The South African National Editors’ Forum (Sanef) has issued a strong condemnation of comments made by KwaZulu-Natal provincial police commissioner Lieutenant-General Nhlanhla Mkhwanazi, describing his remarks as an “attack” on press freedom and the constitutionally protected right to a free media.
Mkhwanazi made the comments on Tuesday night (7 October) during a sitting of a parliamentary ad hoc committee investigating his whistleblowing allegations. In a departure from his witness statement, he called on both the committee and the Joint Standing Committee on Intelligence to direct state security agencies to carry out a counterintelligence investigation into the South African media.
On Wednesday, during the second day of the ad hoc committee meeting, he repeated and intensified his stance, calling for the imprisonment of journalists and “heavy penalties” for those who make reporting errors. “They must sit in Pollsmoor for a while,” he said, referring to the high-security prison near Cape Town.

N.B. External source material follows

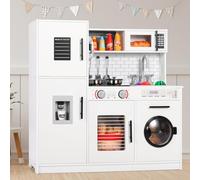 Cucina Giocattolo per Bambini, Cucina Bambini Legno, con Effetti Simulati di Luce e Suono, Cucina Legno con Accessori da Cucina da Gioco e Lavatrice, 82x80x25 cm, A Partire dai 3 Anni, Bianco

Sanef, in a statement, remarked that this echoed tactics used during apartheid to suppress the truth and silence journalists. “This is a chilling attack on the constitutional rights to a free press,” the organisation said, urging national police commissioner Fannie Masemola and police minister Firoz Cachalia to publicly reject the comments as “an unwarranted and unsubstantiated overreach of his powers”.
Background to the controversy
Mkhwanazi’s comments come amid media reports on alleged misconduct within the police, particularly concerning findings from the Inspector-General of Intelligence (IGI). The IGI report reportedly recommends criminal and disciplinary action against Masemola for authorising the purchase of properties valued at a collective R120 million by the Crime Intelligence unit.
It also recommends charges against suspended crime intelligence head Major-General Dumisani Khumalo and suspended chief financial officer Major-General Philani Lushaba for alleged gross financial misconduct.
During his testimony, Mkhwanazi named journalists from Sunday Times, City Press and News24 as targets for investigation, claiming that the IGI report cited by News24 was classified. He insisted that the secrecy of Crime Intelligence operations was “sacrosanct” and questioned whether the unit should be scrutinised in open parliamentary sessions. Even if corruption was alleged, he argued, such matters should be handled “in secret” to avoid “destabilising the country.”
Press freedom under threat
Sanef’s statement countered that the media’s right to protect sources has been upheld by South African courts, including in Bosasa vs Basson (2012) and SABC vs Avusa (2010).
The organisation said any attempt to investigate or intimidate journalists and their sources amounted to “tactics designed to shield the corrupt and obstruct legitimate public-interest journalism.”
Sanef called on Cachalia and Masemola to take an unequivocal stand against any effort to undermine press freedom, target whistleblowers or conceal corruption from the public.
“Failure to do so,” Sanef warned, “will mark the destruction of any semblance of democratic process in South Africa and move us closer to a state where unchecked power cannot be questioned.”